When we checked them in, their bags were searched for 'unapproved' items.  They were to be completely 'unplugged' for the whole time that they were at camp.  This is so awesome. . . until I want to communicate with them!

So, did I mention that I homeschool?  My kids are pretty much with me 24/7 and when they aren't, we text and message and talk on the phone. We had to give their phones to their counselors.  They would get them back once a day for a short period of time so they could call or text us.  Not exactly how I was used to communicating with them!

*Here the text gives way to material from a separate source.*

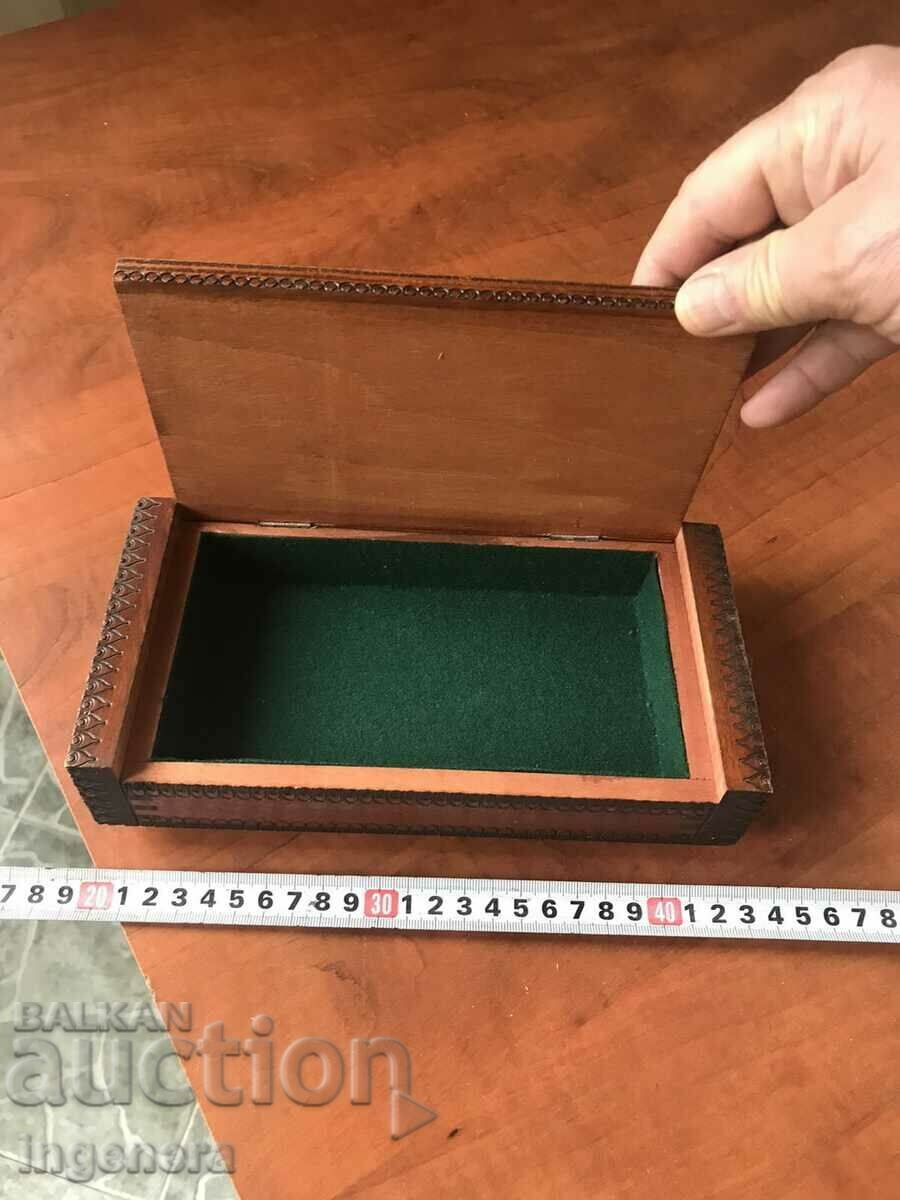 Licitație CUTIE LEMN PIROGRAF DESEN ANTICHI DIN SOCA MOSTRA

As I watched my son introduce himself, shake hands and talk to people he didn't know, my daughter was right by my side.  As the shuttle took my son and his friend (Peter) off to their room in another location, I watched my daughter stand all by herself.  I offered to stay until Caleb returned but she kept saying "I'm ok, Mom".  Prior to this day, she kept saying "I have peace about going, Mom" every time I questioned her.  I had to turn away from her so she wouldn't see the tears in my eyes.  Oh man, it was hard.

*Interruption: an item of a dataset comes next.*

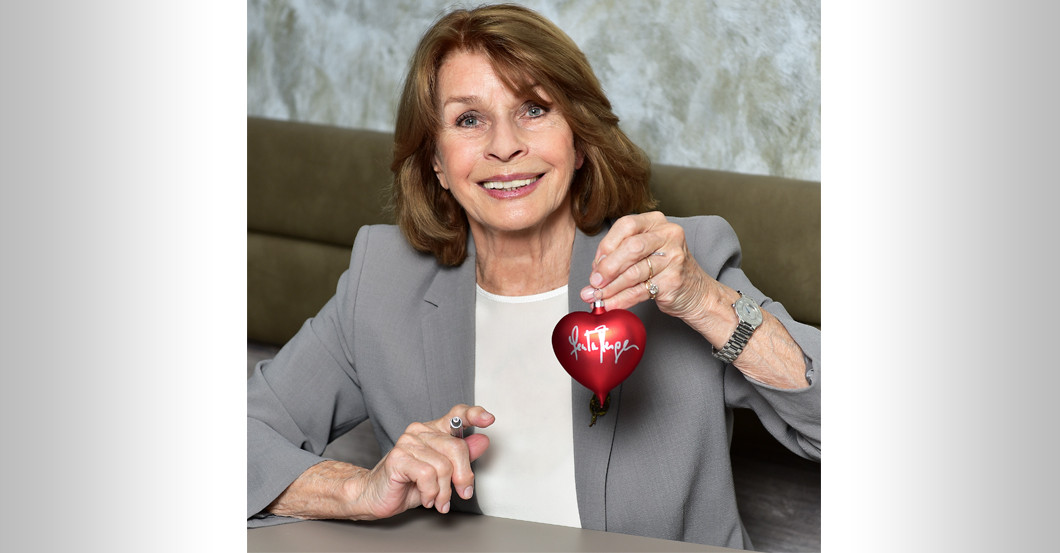 Senta Berger Kugeln   Senta Berger Kugeln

From the beginning, we had planned on a family trip to KC during the few days between camps. I knew that I would need to see them and talk to them just to make sure that they were doing well.  Our friends, the Knutsons, went as well.  Their son, Peter, was also attending the camps. 

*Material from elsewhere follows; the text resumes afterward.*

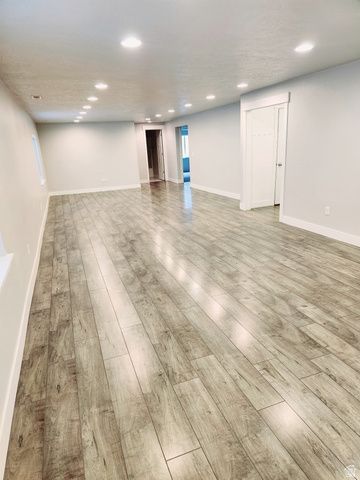 36 W SYRACUSE RD, Vineyard, UT 84059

We had a great couple of days together.  The kids were tired but doing really well.  The Lord was speaking to their hearts and drawing them to Him.  We spent the time talking, eating, swimming, shopping, attending church and doing their laundry, so they could pack it all back up for the 2nd camp - the one that they were very excited to attend!

We took them back to registration last Saturday and this time it was completely different!  The counselors knew who they were.  There were 'fist bumps' and genuine smiles that said 'welcome back'.  Is this like the 2nd day of 'kindergarten'? Or maybe the first day of First Grade?  

It was so much easier to leave them the 2nd time around, for so many reasons.  This was the camp that they had been anticipating. This time they would be getting out their instruments, deepening their skills and learning new techniques.  They both were very comfortable in this familiar environment.  

I am still praying that my sweet, introverted daughter will connect with another sweet girl during her time this week, but, if not, I know that she is going to be ok.  The Lord has them.  He is speaking to them and has great plans for them.  I need to trust them into His care because, really, that is where they belong.